§ **WHAT THE TASK REQUIRES**
With pictures excluded, repeat exactly the lines from the one containing "3d render. Futuristic" through the last line of the material below.

§ **DATASET SECTION**

· · ·

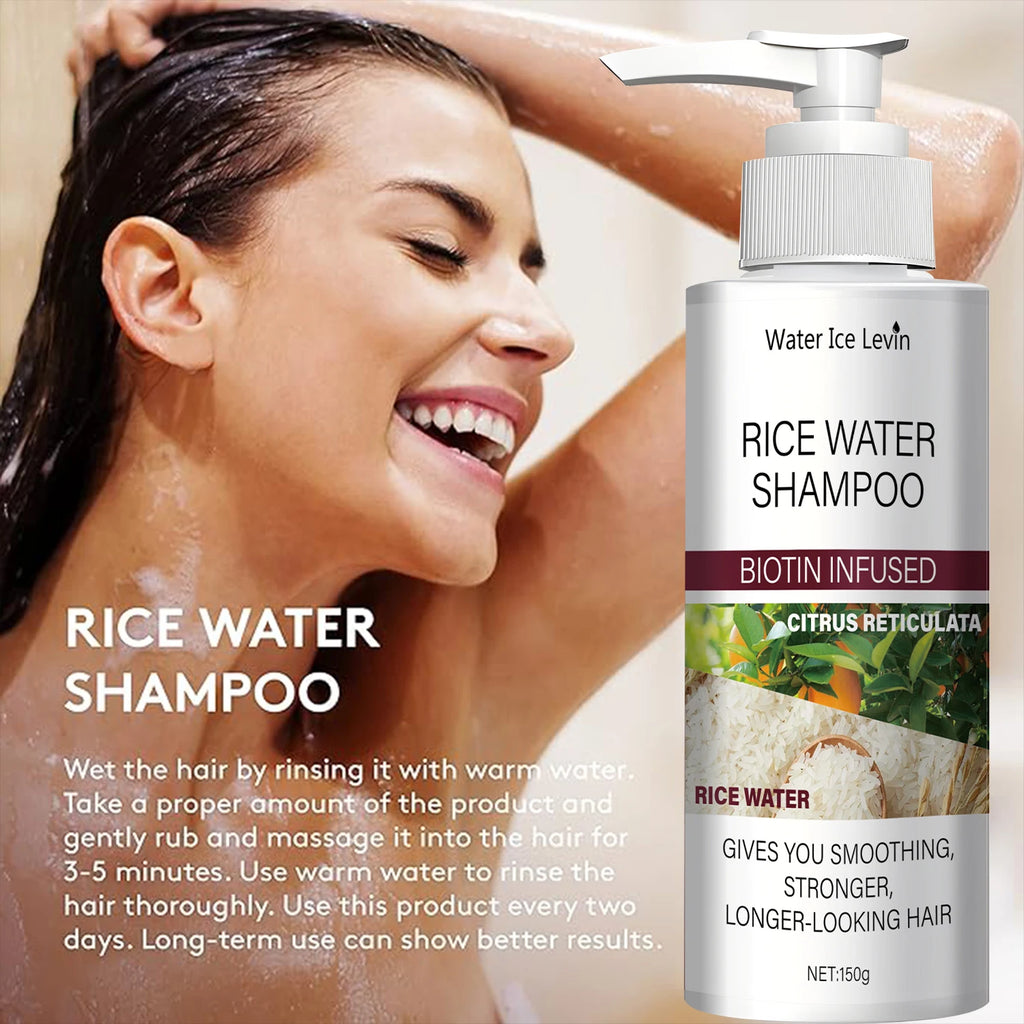 Rice Water Shampoo with Biotin and Keratin for Hair Strengthening
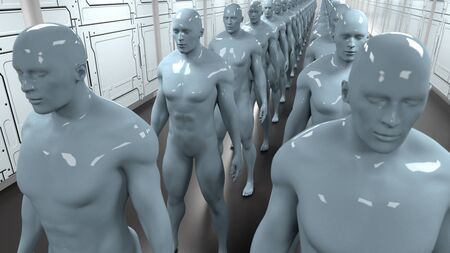 3d render. Futuristic scene and humanoid figureの写真素材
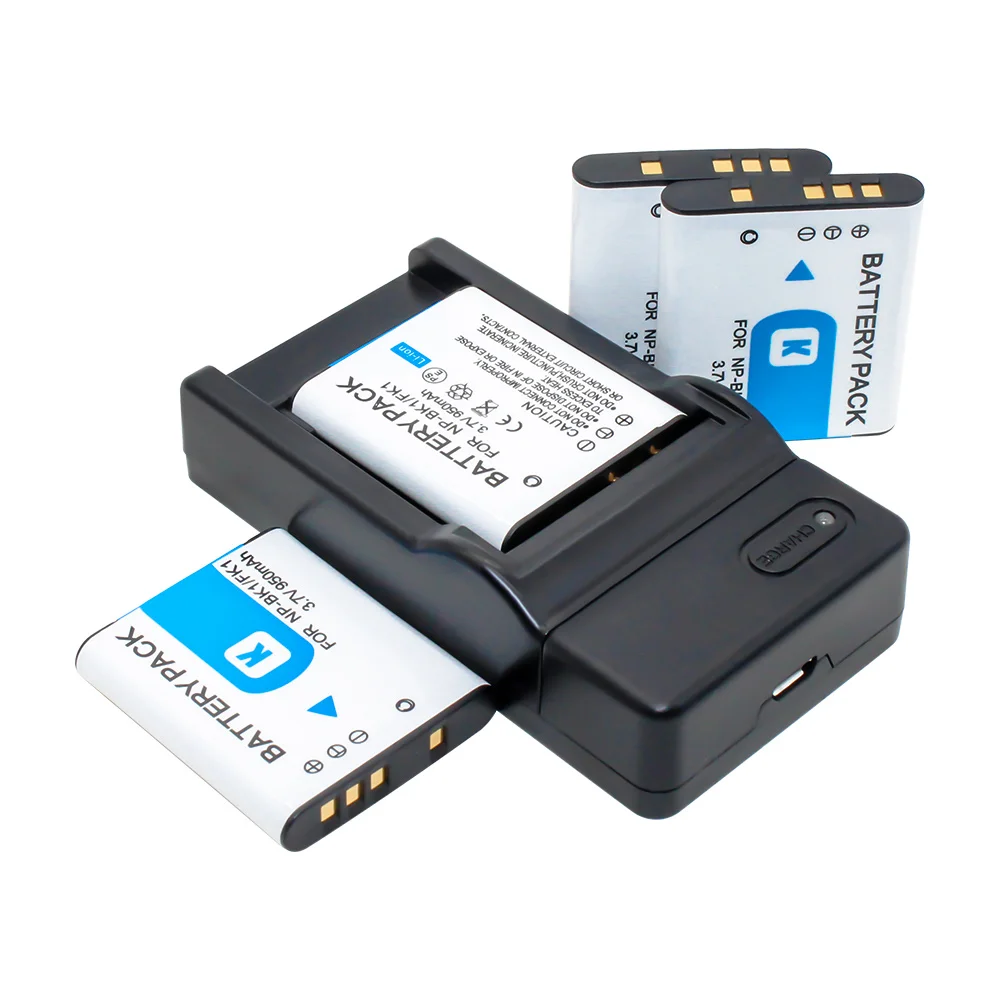 4x аккумуляторная батарея NP BK1 FK1 и 1x USB зарядное устройство для Sony DSC W190 S750 S780 S950 S980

· · ·

§ **COMPLETED EXERCISE**
 3d render. Futuristic scene and humanoid figureの写真素材
 4x аккумуляторная батарея NP BK1 FK1 и 1x USB зарядное устройство для Sony DSC W190 S750 S780 S950 S980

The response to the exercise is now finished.